Une alliance autourd’objectifs contradictoires

En Suisse, les femmes désirent 2,4 enfants en moyenne. Pourtant, le taux de fécondité se situe à 1,4 enfant par femme. La raison principale de cette différence provient du conflit entre famille et travail.

Quelles sont les causes de ce conflit? Il découle de la rencontre entre les deux grands axes qui marquent l’évolution de la vie contemporaine: la modernisation sociale d’une part, et le développement de l’économie de marché, d’autre part. Au niveau social, cette modernisation se traduit par l’individualisation.

Durant leurs deux premières années de vie, les enfants dépendent, pour le développement de leur aptitude à créer des liens, de la présence constante de personnes de référence. Durant cette période, la famille est irremplaçable. Mais après, il est nécessaire de disposer d’institutions sociales qui accueillent les enfants pour le cas où les familles ne sont plus en mesure de le faire.

Si cette modernisation sociale se poursuit, la société et l’Etat devront soutenir les familles dans leur mission éducatrice. Le développement économique accompagne la libéralisation sociale et l’égalité des sexes. Plus la logique de l’économie de marché envahira toutes les sphères de la société, plus cette dernière devra fonctionner selon le principe de l’échange de prestations.  Ainsi, l’évolution économique et sociale a-t-elle pour conséquence que l’accueil des enfants en âge préscolaire et scolaire n’est plus l’unique affaire des parents, mais une responsabilité d’ordre public.

Quels sont les objectifs de la prise en charge des enfants hors du cadre familial?

Il semble normal que le débat public mette en avant une multiplicité d’objectifs divers qui se combinent avec des exigences stratégiques. L’exigence de l’égalité entre hommes et femmes est fondamentalement justifiée. Cependant, la question de la protection du droit des enfants reste centrale. Des enfants accueillis dans de mauvaises conditions souffrent. Ils ont droit à une éducation optimale. Mais il existe encore de nombreuses exigences de nature stratégique. Stratégiques en ce sens qu’elles utilisent les besoins des femmes et des enfants pour réaliser d’autres buts: augmentation du taux de natalité; ou participation accrue des femmes sur le marché du travail. L’interaction de ces différents intérêts constitue une menace pour l’enfant dans la mesure où elle pourrait bien le transformer en cible de stratégies contradictoires.

L’analyse de ce contexte débouche sur plusieurs constats paradoxaux:

  • le premier axe d’évolution esquissé est l’émancipation de l’individu.
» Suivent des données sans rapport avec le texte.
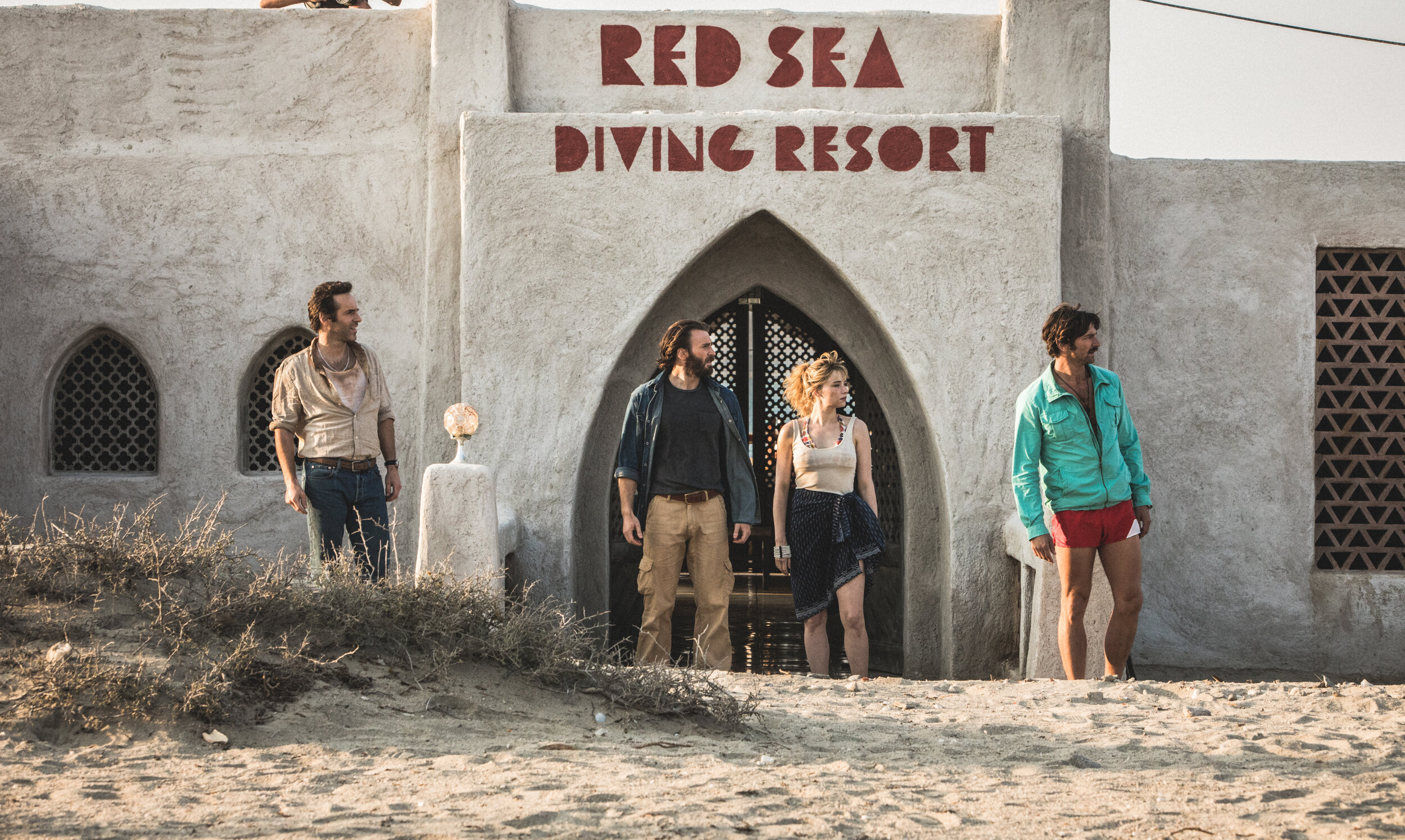 The Red Sea Diving Resort (2019) Review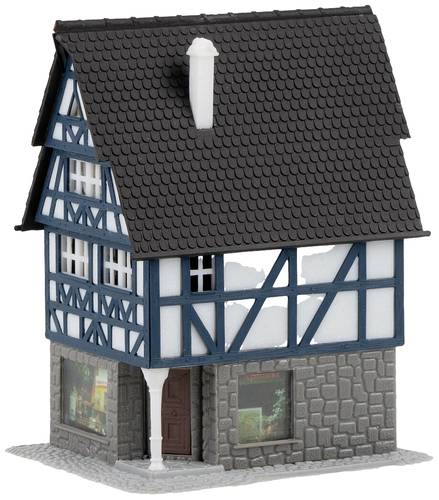 Faller 232157 N Fachwerkhaus mit Apotheke Faller 232157 N Fachwerkhaus mit Apotheke von Faller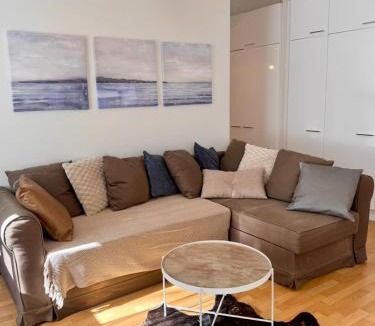 Toolo Apartment | Villa Centralen
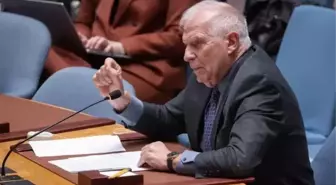 Borrell: Guterres'i Suçlamayı Bırakın, Kararlar Güvenlik Konseyi'nden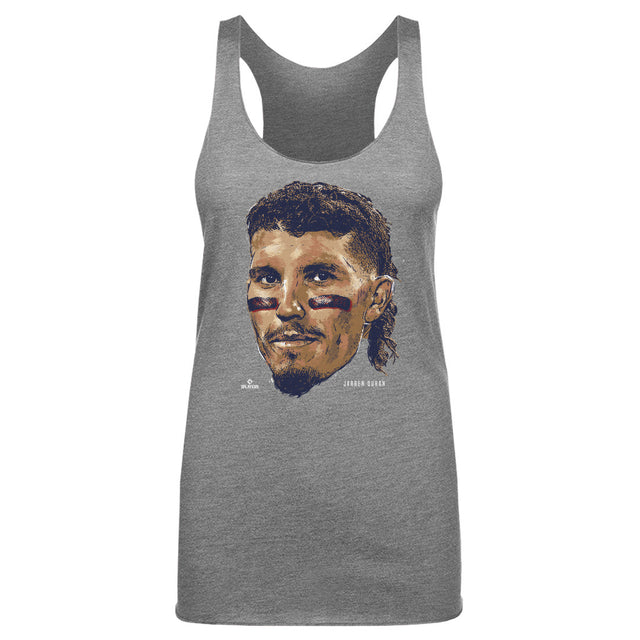 Jarren Duran Women's Tank Top | 500 LEVEL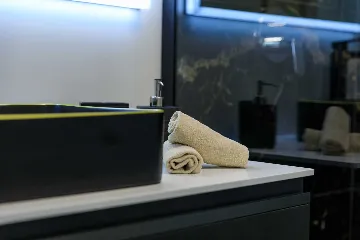 Villa in Krk for 8 Guests with Heated Pool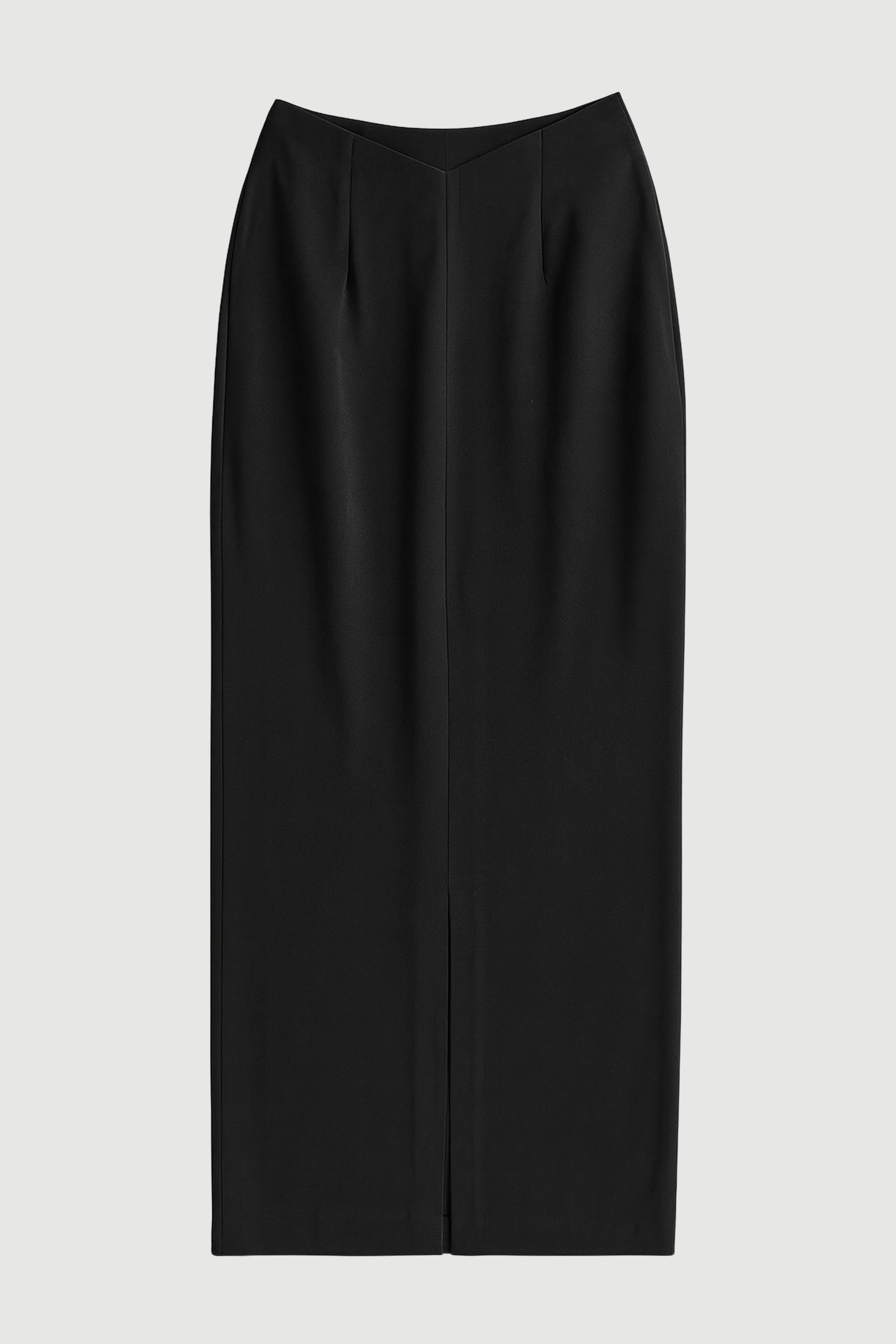 Coye V-Waist Pencil Skirt - Image 8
Là, le paradoxe réside dans le risque que cette individualisation de l’adulte conduise à une « collectivisation » de sa progéniture. L’individualisme se traduit par un affaiblissement de la capacité de la famille à assumer ses responsabilités en tant qu’unité sociale. Il transfert ainsi à la collectivité la mission d’éducation des enfants.
  • Tout aussi paradoxale apparaît la conséquence du second axe d’évolution, à savoir le développement de l’économie de marché, qui a pour conséquence une « étatisation » de l’éducation. Plus l’homme et la femme seront intégrés dans les processus économiques, moins ils seront en mesure de remplir leurs devoirs d’éducateurs et de parents. Ainsi, exactement comme pour le chômage ou les atteintes à l’environnement, les problèmes se voient externalisés et livrés à la régulation étatique. La responsabilité de l’éducation des enfants, qui freine la disponibilité des parents nécessaire à l’accomplissement de leurs devoirs économiques, est déléguée à l’Etat.
  • La question de savoir si l’Etat remplira lui-même cette mission ou s’il la transmettra à des tiers privés, paraît ici secondaire. L’Etat doit prendre la responsabilité de garantir la solidarité envers les enfants. Une solidarité dont les parents, sous la pression de la concurrence, peuvent de moins en moins faire preuve. Finalement, l’Etat contribue de cette manière à répandre la logique économique au sein de la société, et à la transformer en véritable société de marché. Là aussi, il y a un paradoxe : l’Etat contribue à détruire la conscience du devoir et du lien avec sa descendance qui constitue pourtant son premier fondement.

Dans un contexte aussi incohérent, des divergences apparissent sur les objectifs de cet accueil, entre les organisations féminines et familiales, les syndicats et les organisations sociales, les associations professionnelles et patronales. La création de centres d’accueil pour les enfants forme le dénominateur commun de politiques divergentes. Cela n’a rien de négatif en soi. Cela peut constituer un exemple caractéristique de la capacité des Suisses à élaborer des solutions pragmatiques.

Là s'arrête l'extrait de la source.